Interpelację w sprawie odkomarzania złożyli radni Marcin Magier, Kazimierz Bachanek i Włodzimierz Radek. Zwracali się w niej o przeprowadzenie w Świdniku punktowych oprysków. „Tegoroczne warunki pogodowe sprawiły, że populacja komarów na terenie miasta jest bardzo wysoka. Fakt ten powoduje, iż przebywanie na zewnątrz jest bardzo uciążliwe, natomiast w porze wieczornej problem ten dodatkowo się nasila” – napisali radni.

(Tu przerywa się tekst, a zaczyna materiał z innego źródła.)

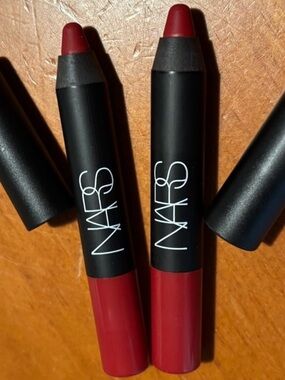 2 NARS Velvet Matte Lip Pencils Cruella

Tłumaczyli również, że komary są najbardziej kłopotliwe zwłaszcza dla mieszkańców osiedla Brzeziny, których bloki są zlokalizowane w sąsiedztwie terenów zalewanych podczas dużych opadów. Radni zwrócili się o przeprowadzenie akcji odkomarzania, ale przy zachowaniu odpowiednich odległości od łąk kwietnych, pasiek czy domków dla owadów. W interpelacji wnioskowali również o podanie kosztów takich oprysków i skutków, jakie mogłyby mieć dla mieszkańców i środowiska.
Szybko się okazało, że oprysków nie będzie. Przedstawiciele ratusza obawiają się, że chemiczne zwalczanie komarów mogłoby się przyczynić również do unicestwienia pożytecznych owadów.
– Brak selektywnych środków, oprócz degradacji populacji komarów powoduje niszczenie pszczół, innych zapylaczy oraz pozostałych pożytecznych owadów. Jako Gmina Przyjazna Pszczołom, podejmująca szereg działań proekologicznych, nie możemy sobie na to pozwolić – tłumaczy burmistrz Waldemar Jakson.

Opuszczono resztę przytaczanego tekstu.